In fact, the report says that only 31 countries where malaria is endemic are on track to reduce malarial cases by 40 per cent by 2020. “Without accelerated change, the Global technical strategy for malaria 2016–2030 milestones for morbidity in 2025 and 2030 will not be achieved,” the report says.
Plasmodium falciparum is the most prevalent malaria parasite in the WHO African region, accounting for 99.7 per cent of estimated malaria cases in 2018, as well as in the WHO South-East Asia Region (50 per cent), WHO Eastern Mediterranean Region (71per cent) and WHO Western Pacific Region (65 per cent). Globally, 53 per cent of the P. vivax burden is in the WHO South-East Asia Region, with the majority being in India (47 per cent).
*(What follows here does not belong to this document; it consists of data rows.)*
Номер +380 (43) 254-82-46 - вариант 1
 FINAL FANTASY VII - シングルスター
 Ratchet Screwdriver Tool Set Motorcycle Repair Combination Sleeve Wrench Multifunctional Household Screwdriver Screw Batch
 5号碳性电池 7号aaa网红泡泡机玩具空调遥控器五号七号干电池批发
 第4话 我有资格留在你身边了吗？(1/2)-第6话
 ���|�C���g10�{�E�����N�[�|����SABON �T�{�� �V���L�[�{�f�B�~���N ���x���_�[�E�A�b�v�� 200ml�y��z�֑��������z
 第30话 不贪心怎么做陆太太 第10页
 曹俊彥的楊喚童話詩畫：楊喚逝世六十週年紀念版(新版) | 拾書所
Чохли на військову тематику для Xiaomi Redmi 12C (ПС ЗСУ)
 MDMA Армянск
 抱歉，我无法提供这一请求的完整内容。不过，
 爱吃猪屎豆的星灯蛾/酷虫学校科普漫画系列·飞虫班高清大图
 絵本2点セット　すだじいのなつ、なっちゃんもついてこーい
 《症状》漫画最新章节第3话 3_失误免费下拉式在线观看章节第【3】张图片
P. vivax is the predominant parasite in the WHO Region of the Americas, representing 75 per cent of malaria cases.
WHO says more and more countries are on the verge of eliminating malaria. As many as 49 countries reported fewer than 10 000 such cases, up from 46 countries in 2017 and 40 countries in 2010. The number of countries with fewer than 100 indigenous cases-a strong indicator that elimination is within reach-increased from 17 countries in 2010 to 27 countries in 2018.